— Provided records —
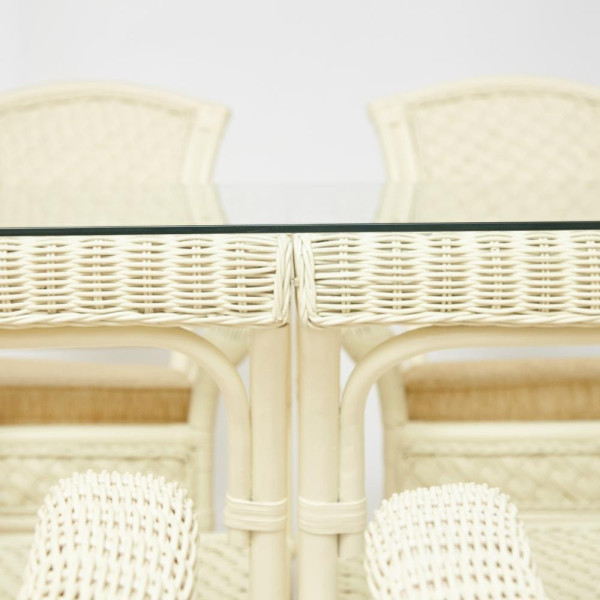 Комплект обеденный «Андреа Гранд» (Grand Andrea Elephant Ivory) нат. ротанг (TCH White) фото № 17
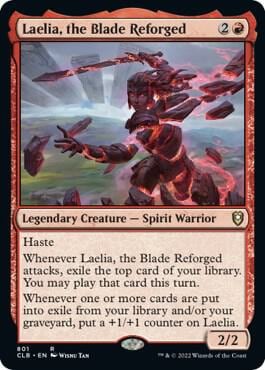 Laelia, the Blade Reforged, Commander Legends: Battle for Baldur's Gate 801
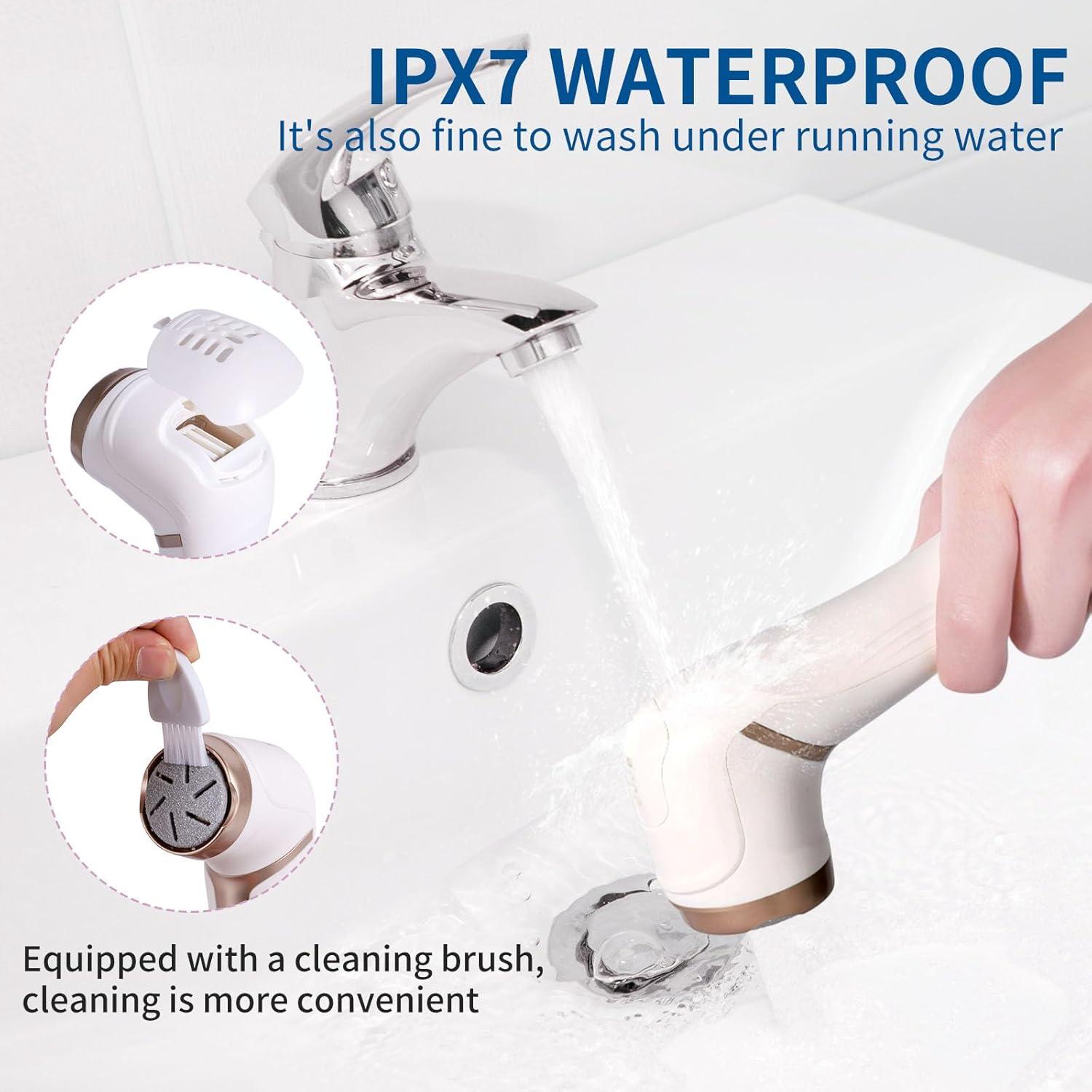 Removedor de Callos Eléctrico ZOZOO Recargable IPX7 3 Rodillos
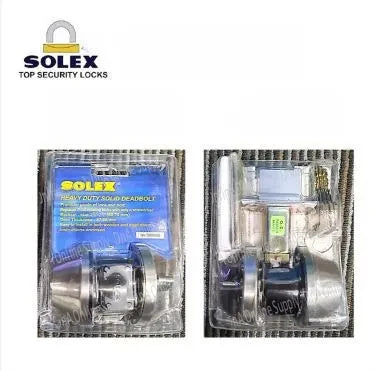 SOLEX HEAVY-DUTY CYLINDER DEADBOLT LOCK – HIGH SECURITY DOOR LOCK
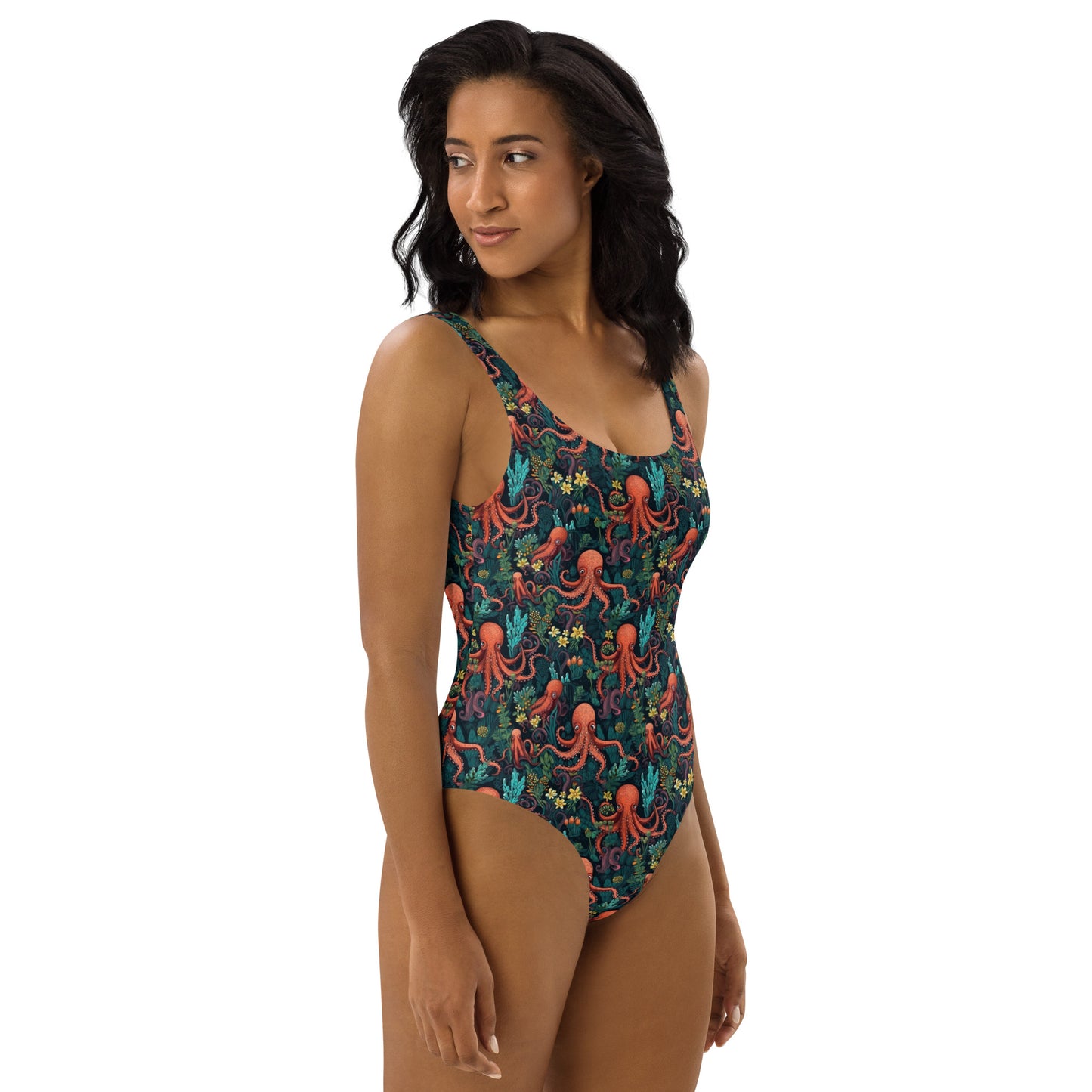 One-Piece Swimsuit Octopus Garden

— Aim of the task —
From the line with "Laelia, the Blade" to the final line of the entries above, reproduce each line exactly and nothing else; the pictures stay out.

— Written answer —
 Laelia, the Blade Reforged, Commander Legends: Battle for Baldur's Gate 801
 Removedor de Callos Eléctrico ZOZOO Recargable IPX7 3 Rodillos
 SOLEX HEAVY-DUTY CYLINDER DEADBOLT LOCK – HIGH SECURITY DOOR LOCK
 One-Piece Swimsuit Octopus Garden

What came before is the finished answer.